For weeks, Isabelle Hains and Ana Acevedo have campaigned against the film, saying they will do whatever they must to bring its production to a halt.
"We’re dealing with everyday life as best we can and having this movie is tormenting us and bringing back our feelings that we kept inside," Hains said.
"Let me get old and grey and senile before they do this movie so I don’t remember."
Daniel Hains and Javier Acevedo, both 17, were among members of the Bathurst High Phantoms who were killed when their school van collided with a transport truck during a snowstorm in January 2008 on their way home from a game in Moncton, N.B.
Since then, the mothers have pressed for provincial and national changes in the rules governing student travel, including the kinds of vehicles and tires used on vans. They have also pushed for changes that would require that only qualified bus drivers can transport students, instead of coaches or volunteers.
In July, Fredericton-based Dream Street Pictures and CBC Television announced plans to make the movie based on the true story of how, in the year following the tragedy, the Phantoms were able to win the provincial basketball title, the first such win for a Bathurst boys team in 50 years.
The producers billed the movie, which beings production this fall, as one that depicts a "heartwarming small-town high school sports victory that made headlines from coast to coast."
But Hains said the film can’t be done without exploiting the death of the seven boys.
"It’s a movie that’s being made because our children were killed, and if our children were not killed ... they wouldn’t be making this movie now," she said.

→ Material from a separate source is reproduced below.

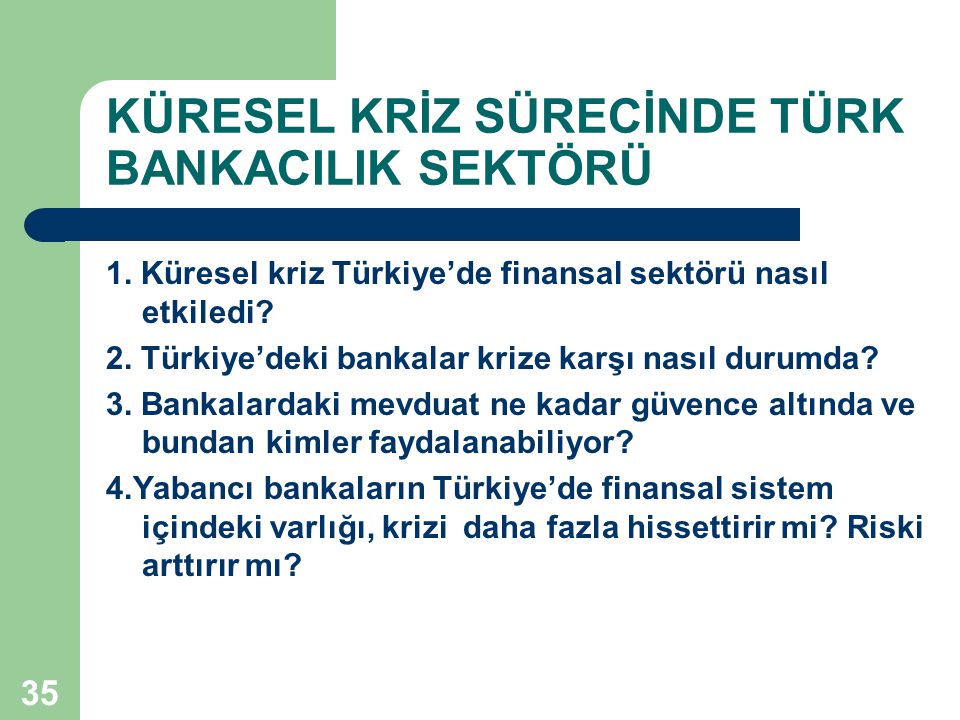 KÜRESEL KRİZ VE TÜRKİYE EKONOMİSİ - Ppt Indir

"It would be just another school that won the provincial game."
Hains and Acevedo have filed a complaint with the provincial ombudsman in an effort to reverse a decision by the Bathurst area school district to allow filming parts of the movie at Bathurst High School.
Acting ombudsman Francois Levert has agreed to look into the complaint and determine whether his office has jurisdiction to make any recommendations. That could take several months.
Producer Rick LeGuerrier declined a request for an interview but issued a brief statement.
"Speaking to the ombudsman is a right that every New Brunswick citizen has and (co-producer Tim Hogan) and I absolutely respect that right," he said.
The two mothers have also launched a letter-writing campaign to Premier David Alward and say they’ll file a complaint with the auditor general because the producers are getting up to $250,000 under a provincial film tax credit.
"They keep saying there is no money to pay professional drivers for our children to go to activities, and then they turn around and give this big amount of money to make a movie," Acevedo said.